The picture that emerges from this kind of jigsaw gospel is of Mark sitting down, pulling his sources together like a graduate student in the days before computers.  Only Mark won’t get a doctorate when he’s done.  More recent scholarship asks the question of what if Mark wasn’t really a completed book after all—we read the gospels through lenses that were ground in the eighteenth century, at the earliest.  Nobody thought to question that Moses or Mark would sit down to write a book just like anyone did then.  (People writing books on their phones in electronic form only, as they do these days, will play havoc with future historical critics and their theories.)  Maybe these weren’t meant to be finished books.  Check out Gospels before the Book by Matthew Larsen and you’ll see what I mean.

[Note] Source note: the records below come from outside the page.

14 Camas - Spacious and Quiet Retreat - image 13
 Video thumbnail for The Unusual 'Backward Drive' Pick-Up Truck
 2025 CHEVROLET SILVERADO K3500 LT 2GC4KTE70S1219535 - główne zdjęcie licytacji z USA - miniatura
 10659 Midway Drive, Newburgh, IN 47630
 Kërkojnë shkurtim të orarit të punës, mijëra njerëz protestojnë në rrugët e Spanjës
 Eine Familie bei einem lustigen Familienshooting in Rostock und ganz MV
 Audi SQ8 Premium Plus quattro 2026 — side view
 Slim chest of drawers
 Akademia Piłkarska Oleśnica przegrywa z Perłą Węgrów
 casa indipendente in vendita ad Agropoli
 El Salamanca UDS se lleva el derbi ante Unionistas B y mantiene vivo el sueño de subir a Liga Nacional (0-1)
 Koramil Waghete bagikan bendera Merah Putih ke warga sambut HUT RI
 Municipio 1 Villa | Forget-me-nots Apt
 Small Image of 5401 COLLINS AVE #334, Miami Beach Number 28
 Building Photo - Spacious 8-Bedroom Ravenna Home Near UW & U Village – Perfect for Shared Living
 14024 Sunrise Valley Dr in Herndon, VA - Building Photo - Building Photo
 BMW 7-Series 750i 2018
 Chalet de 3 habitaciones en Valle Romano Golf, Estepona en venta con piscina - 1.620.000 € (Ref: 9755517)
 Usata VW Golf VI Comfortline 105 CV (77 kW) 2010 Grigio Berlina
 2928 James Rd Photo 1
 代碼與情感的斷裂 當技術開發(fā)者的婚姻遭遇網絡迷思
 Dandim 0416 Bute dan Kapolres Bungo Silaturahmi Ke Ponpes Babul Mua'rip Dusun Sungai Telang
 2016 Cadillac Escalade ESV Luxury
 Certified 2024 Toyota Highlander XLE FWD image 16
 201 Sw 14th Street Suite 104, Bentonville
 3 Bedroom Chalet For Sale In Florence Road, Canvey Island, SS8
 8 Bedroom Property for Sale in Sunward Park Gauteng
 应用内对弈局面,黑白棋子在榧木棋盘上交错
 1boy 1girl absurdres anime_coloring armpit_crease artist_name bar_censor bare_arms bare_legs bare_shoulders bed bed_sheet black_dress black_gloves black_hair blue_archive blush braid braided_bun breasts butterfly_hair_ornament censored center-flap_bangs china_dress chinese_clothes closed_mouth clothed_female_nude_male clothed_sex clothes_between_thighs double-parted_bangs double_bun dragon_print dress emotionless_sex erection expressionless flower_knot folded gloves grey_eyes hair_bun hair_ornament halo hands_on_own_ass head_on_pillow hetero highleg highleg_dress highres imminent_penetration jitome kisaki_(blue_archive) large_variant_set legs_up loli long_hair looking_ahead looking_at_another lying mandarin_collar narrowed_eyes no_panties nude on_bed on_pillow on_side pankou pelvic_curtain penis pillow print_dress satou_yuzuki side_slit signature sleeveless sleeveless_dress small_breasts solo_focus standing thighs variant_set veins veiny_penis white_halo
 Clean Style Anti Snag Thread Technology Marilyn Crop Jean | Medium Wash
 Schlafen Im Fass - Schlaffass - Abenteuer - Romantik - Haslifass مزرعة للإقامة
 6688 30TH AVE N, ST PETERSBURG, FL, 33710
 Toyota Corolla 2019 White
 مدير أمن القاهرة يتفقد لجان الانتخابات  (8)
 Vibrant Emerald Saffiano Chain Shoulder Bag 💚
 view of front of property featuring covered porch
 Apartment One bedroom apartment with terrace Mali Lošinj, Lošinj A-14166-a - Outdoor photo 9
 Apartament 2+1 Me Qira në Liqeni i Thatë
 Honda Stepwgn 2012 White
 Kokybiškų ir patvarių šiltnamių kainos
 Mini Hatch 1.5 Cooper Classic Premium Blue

The Bible, in other words, is a very complex book.  We know little of its authors beyond Paul of Tarsus.  We don’t even know that they were setting out to write Holy Writ.  Bible is a matter of interpretation.  As I thought about Mark—whoever he was—shuffling his papers about, mulling over what it would mean to become the first evangelist, I thought how like us we’ve made not only God, but also the writers of sacred texts.  True, they weren’t worried about tenure committees, or bad reviews, or being accepted by prestige presses.  It seems, however, that they were also not thinking of what readers down the millennia would do with their words.  When it’s all done we still don’t know who said what, but at least we have persistent questions that can’t be answered.  And job security ensures that Bible reading will continue as long as there are discrepancies to debate.

Financial Ethics

In a conversation with a professional colleague recently, I was discussing what might happen to ethics when sex with machines becomes common.  That statement might seem a little bizarre out of context, so let me widen the net a bit.  We were discussing the Bible and sexual ethics.  This led to the question of how those who apply the Bible straight from antiquity might apply their beliefs to a world vastly different than first century Palestine.  In biblical times, in other words, sexual options were limited and people didn’t understand the whole issue of human sperm and eggs, neither of which can be seen without a microscope.  Applying their outlook directly to today is problematic, and so how do we apply a book without outdated views to a world vastly more complicated?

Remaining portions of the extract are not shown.